Task to complete>
Below are some records. Write out exactly their lines from the one with "Young beautiful chef" through the one with "1.57 Acres of", and leave the pictures behind.

Listed records>
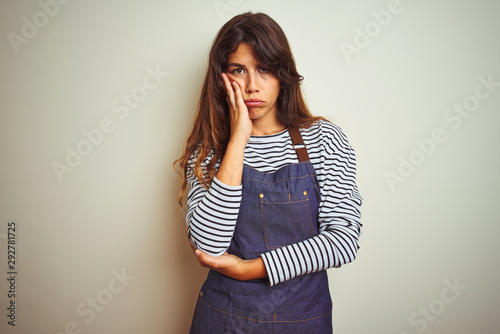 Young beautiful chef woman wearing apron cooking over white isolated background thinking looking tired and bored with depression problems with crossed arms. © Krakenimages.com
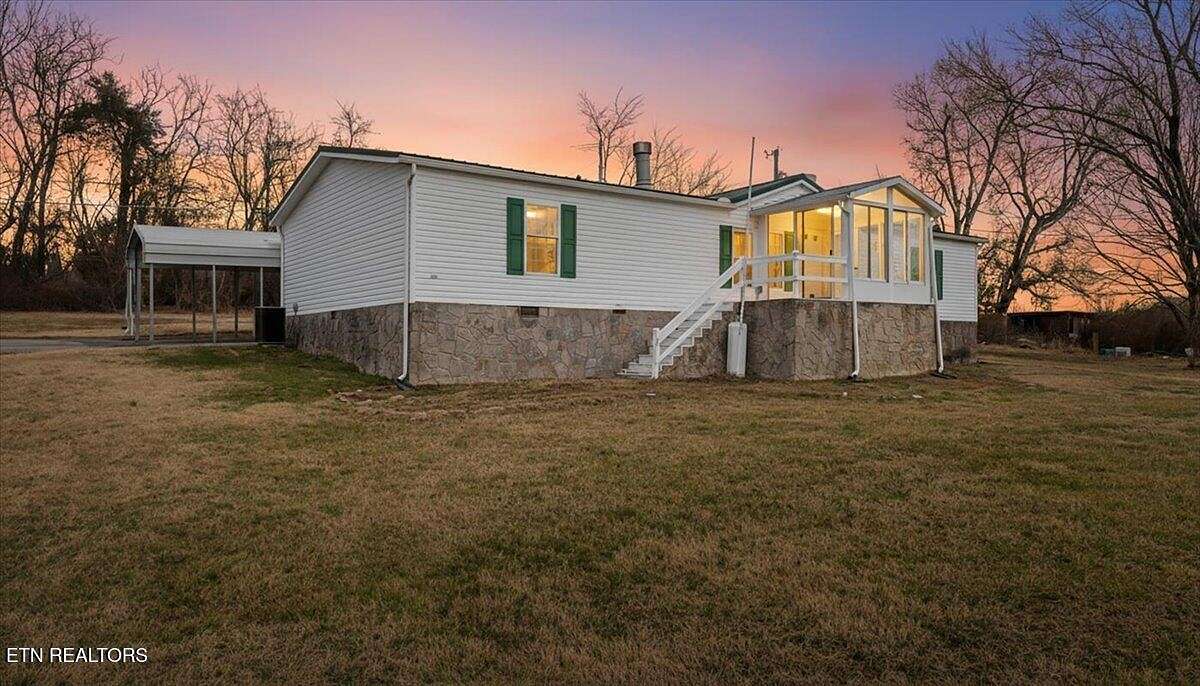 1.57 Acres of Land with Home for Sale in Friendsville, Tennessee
==
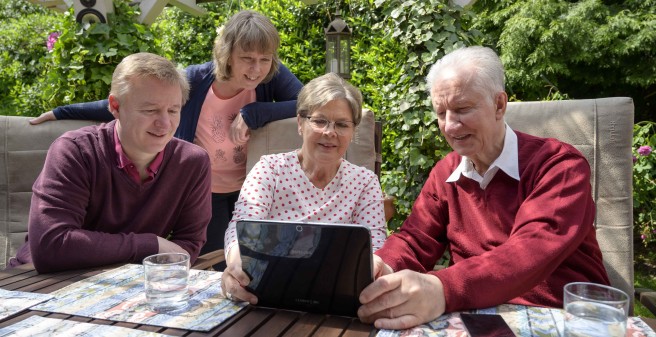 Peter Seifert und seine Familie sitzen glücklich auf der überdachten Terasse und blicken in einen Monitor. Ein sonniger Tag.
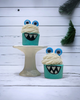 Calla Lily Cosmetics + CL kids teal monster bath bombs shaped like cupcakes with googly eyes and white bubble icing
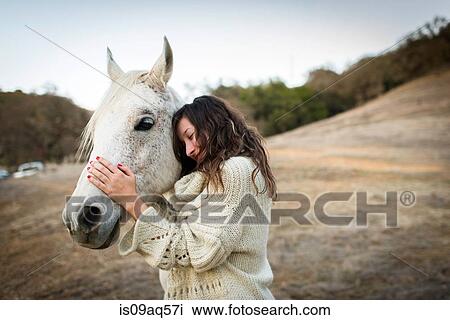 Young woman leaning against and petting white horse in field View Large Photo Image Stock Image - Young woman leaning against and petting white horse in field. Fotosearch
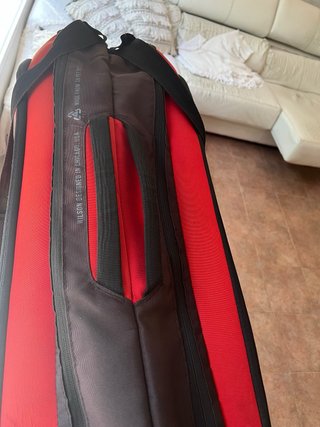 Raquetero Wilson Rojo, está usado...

Task answer>
 Young beautiful chef woman wearing apron cooking over white isolated background thinking looking tired and bored with depression problems with crossed arms. © Krakenimages.com
 1.57 Acres of Land with Home for Sale in Friendsville, Tennessee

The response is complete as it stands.